The present invention relates to a system for processing and transmitting pulse code modulation (hereinafter (PCM) signals, particularly audio signals which are recorded on a storage medium, such as a tape or disc, in PCM form and are played back therefrom.
Methods are known for recording audio or television signals as pulse codes modulated signals on a recording medium, for example a magnetic tape or a disc. Although it is possible in principle to subject data which are to be recorded or transmitted to a simple pulse code modulation and to transmit or record the coded data, this modulation method would be sufficient to meet the high demands for transmission quality only in an ideal transmission channel.
In reality, a magnetic tape, a disc or a transmission path are not ideal, but each distorts the signals to be processed and thereby adversely affects the fidelity of the resulting sound reproduction. The transmission path and the tape or disc will hereinafter be identified generally as the channel. Such a channel is a medium subject to interference, or noise, which generally distorts the signals in such a way that transmission is impossible without data security. There exist various possibilities to provide data security, which methods are sometimes used alone or together with others.
A customary method is carried out as follows: the data to be transmitted are serially divided into blocks each of the same number of data words. Each data block is supplemented by a so-called cyclic redundancy check (CRC) data word as well as synchronizing word. The CRC word is a cyclic code obtained by means of a polynomial representation. In this way it is possible to detect errors in a block terminated by a CRC data word.
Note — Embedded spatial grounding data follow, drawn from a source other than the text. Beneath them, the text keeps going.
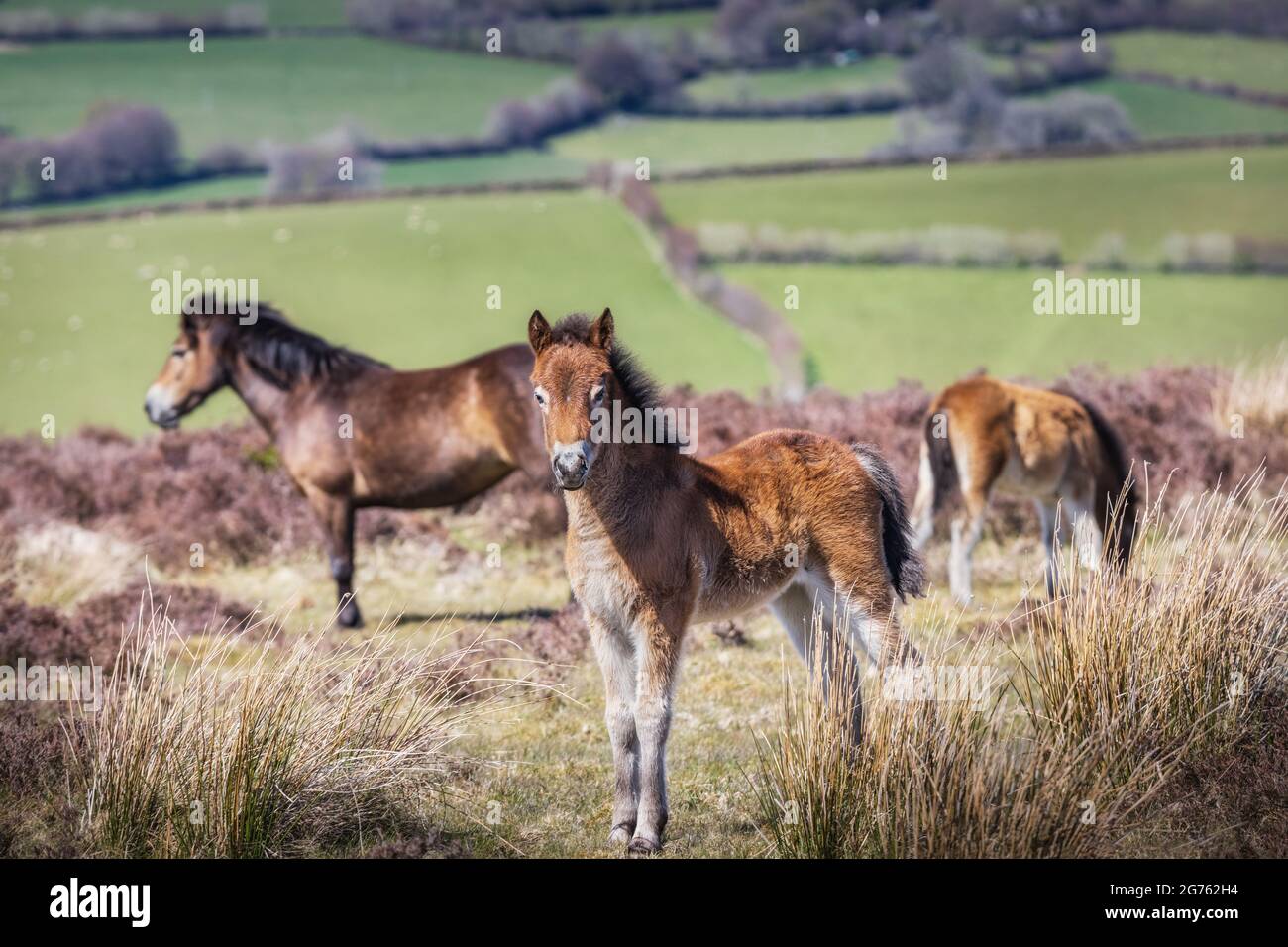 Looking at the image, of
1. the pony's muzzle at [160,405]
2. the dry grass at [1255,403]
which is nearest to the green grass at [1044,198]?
the dry grass at [1255,403]

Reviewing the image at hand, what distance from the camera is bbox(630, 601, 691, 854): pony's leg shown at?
6.43 meters

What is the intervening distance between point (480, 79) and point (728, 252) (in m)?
14.5

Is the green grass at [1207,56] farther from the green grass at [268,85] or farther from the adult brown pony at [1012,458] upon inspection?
the adult brown pony at [1012,458]

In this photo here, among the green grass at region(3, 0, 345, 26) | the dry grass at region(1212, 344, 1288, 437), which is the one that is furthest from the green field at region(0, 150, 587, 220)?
the dry grass at region(1212, 344, 1288, 437)

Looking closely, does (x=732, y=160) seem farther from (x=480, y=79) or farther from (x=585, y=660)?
(x=585, y=660)

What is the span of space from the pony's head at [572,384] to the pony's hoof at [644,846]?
1545 mm

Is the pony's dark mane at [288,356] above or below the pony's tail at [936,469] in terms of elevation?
above

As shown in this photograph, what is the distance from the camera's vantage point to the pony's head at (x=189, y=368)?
41.0 ft

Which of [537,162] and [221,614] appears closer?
[221,614]

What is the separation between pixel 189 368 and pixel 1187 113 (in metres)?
29.4

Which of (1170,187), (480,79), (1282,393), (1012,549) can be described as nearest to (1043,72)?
(1170,187)

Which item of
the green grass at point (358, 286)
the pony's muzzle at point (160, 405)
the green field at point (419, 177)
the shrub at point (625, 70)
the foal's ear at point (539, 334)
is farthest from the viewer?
the shrub at point (625, 70)

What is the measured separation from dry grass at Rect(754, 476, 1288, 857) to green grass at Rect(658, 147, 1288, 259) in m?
22.7

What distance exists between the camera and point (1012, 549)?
13.2m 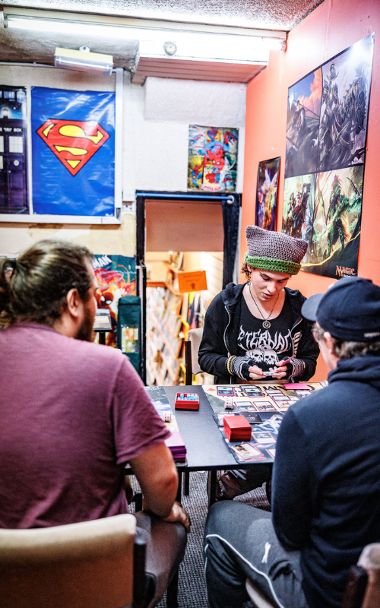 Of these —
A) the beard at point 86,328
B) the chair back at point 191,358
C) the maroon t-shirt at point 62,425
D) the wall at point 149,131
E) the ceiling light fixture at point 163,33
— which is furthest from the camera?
the wall at point 149,131

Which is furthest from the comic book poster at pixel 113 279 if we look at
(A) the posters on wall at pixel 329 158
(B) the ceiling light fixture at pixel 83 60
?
(A) the posters on wall at pixel 329 158

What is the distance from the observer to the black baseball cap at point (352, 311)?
1.19 meters

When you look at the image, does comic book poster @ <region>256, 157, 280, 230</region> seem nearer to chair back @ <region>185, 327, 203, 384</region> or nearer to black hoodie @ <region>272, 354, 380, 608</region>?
chair back @ <region>185, 327, 203, 384</region>

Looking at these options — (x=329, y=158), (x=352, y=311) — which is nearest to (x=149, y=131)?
(x=329, y=158)

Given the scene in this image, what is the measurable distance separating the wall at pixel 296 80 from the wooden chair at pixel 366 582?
1488 mm

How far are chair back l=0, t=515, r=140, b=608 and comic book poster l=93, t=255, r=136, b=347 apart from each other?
3361 millimetres

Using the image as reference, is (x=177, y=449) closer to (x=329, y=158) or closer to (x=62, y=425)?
(x=62, y=425)

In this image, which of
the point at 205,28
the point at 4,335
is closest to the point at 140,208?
the point at 205,28

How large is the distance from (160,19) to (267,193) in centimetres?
152

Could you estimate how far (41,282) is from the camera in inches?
48.9

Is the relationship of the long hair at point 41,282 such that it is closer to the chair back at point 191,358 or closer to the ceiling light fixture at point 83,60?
the chair back at point 191,358

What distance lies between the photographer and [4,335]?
1189mm

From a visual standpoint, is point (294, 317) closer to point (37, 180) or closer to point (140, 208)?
point (140, 208)

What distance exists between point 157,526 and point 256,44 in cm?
336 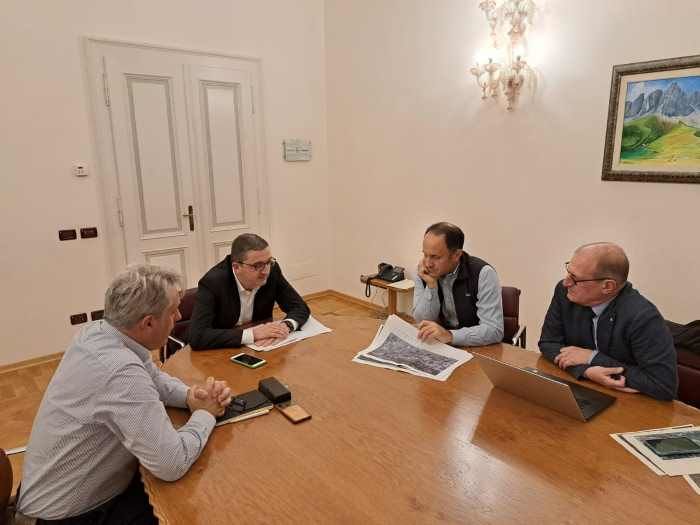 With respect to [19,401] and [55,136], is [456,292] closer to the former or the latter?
[19,401]

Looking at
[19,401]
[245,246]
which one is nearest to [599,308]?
[245,246]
Such CRC data word circuits are commercially available as integrated circuits, e.g. a Fairchild 9401 circuit. To correct errors, a so-called parity word may be added to each block, so that together with the CRC data word it is possible to both detect and correct error containing data. In order to be able to effect a correction, data and parity words which belong together must be transmitted in different blocks because even a single bit error makes a complete block initially unusable.
Proposals have therefore been made to not transmit the total data on the channel in their original sequence but to delay individual data words alternatingly by a certain duration or by a multiple thereof and to transmit the delayed and the undelayed data words on the channel in succession. This is called interleaving.
Noise occurring in a recording device often produces so-called burst errors on successively transmitted data words or blocks. However, the interleaving process pulls apart, or breaks up, these burst errors so that when the data words are recombined in their final, correct, original sequence, the noise is, in effect, dispersed. The dispersed noise, or errors, can then be eliminated by parity checks or by means of an interpolation circuit. Such an interleaving method is described in a published report by the Audio Engineering Society, 64th Convention, Nov. 2-5, 1979, in New York City. Such interleaving makes it possible to essentially eliminate noise from the system output signals. However, some noise in the channel produces error events in the signal to be reproduced, which events may extend over a plurality of adjacent data words. In that case, genuine correction by parity comparison is not possible. However, at the same time the conditions for correction by means of interpolation are also particularly unfavorable since uninterfered-with supporting values are absent between the values to be replaced.